Super-resolution implies that you are imaging below the diffraction (Abbe)
limit. While the Fourier ring correlation can be used as a surrogate for
resolution (it is frequently used in both cryo-em and fluorescent microscopy)
you must define the correlation cutoff or else the measurement is meaningless.
I do not see any mention of a cutoff used in the linked paper.

I would be more convinced if they actually imaged something smaller than the
diffraction limit of their microscope, like the nuclear pore, which was
recently proposed as a standard for the field [2]. Nonetheless I am impressed
by the image quality given how un-rigid and prone to thermal drift/expansion
their microscope probably is.

[1]
[https://www.nature.com/articles/s41598-018-19981-z](https://www.nature.com/articles/s41598-018-19981-z)

[2]
[https://www.biorxiv.org/content/10.1101/582668v1](https://www.biorxiv.org/content/10.1101/582668v1)

------
narrator
Here's a great video presentation on the project:

[https://www.youtube.com/watch?v=0F1pBmWuU3M](https://www.youtube.com/watch?v=0F1pBmWuU3M)

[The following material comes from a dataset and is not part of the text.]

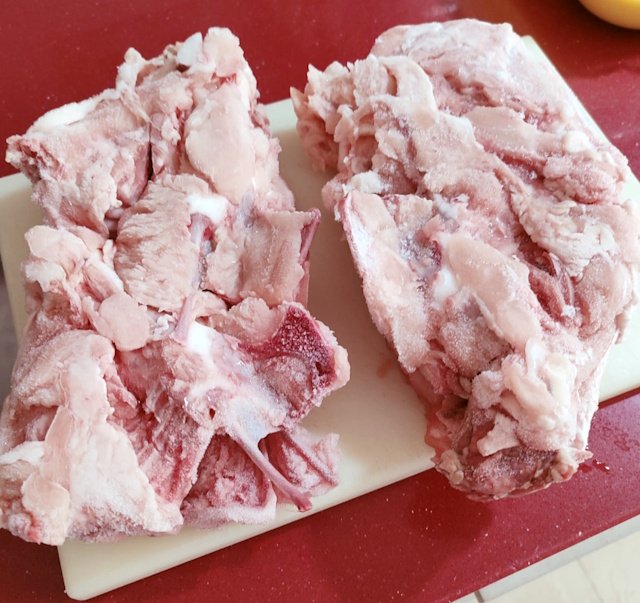 Pollo para hacer Caldo Base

I'm very impressed with the hardware and software design of this project.

------
aiscapehumanity
Beautiful, frugual sciences and accessible technics production (and
affordable) is key to opening up biosciences to more people and possibly
liberating costs to equipment making parts of biotech akin to what has become
for computing when it comes to areas such as microcontrollers and others
things (Thinking rapsberry pi and arduinos)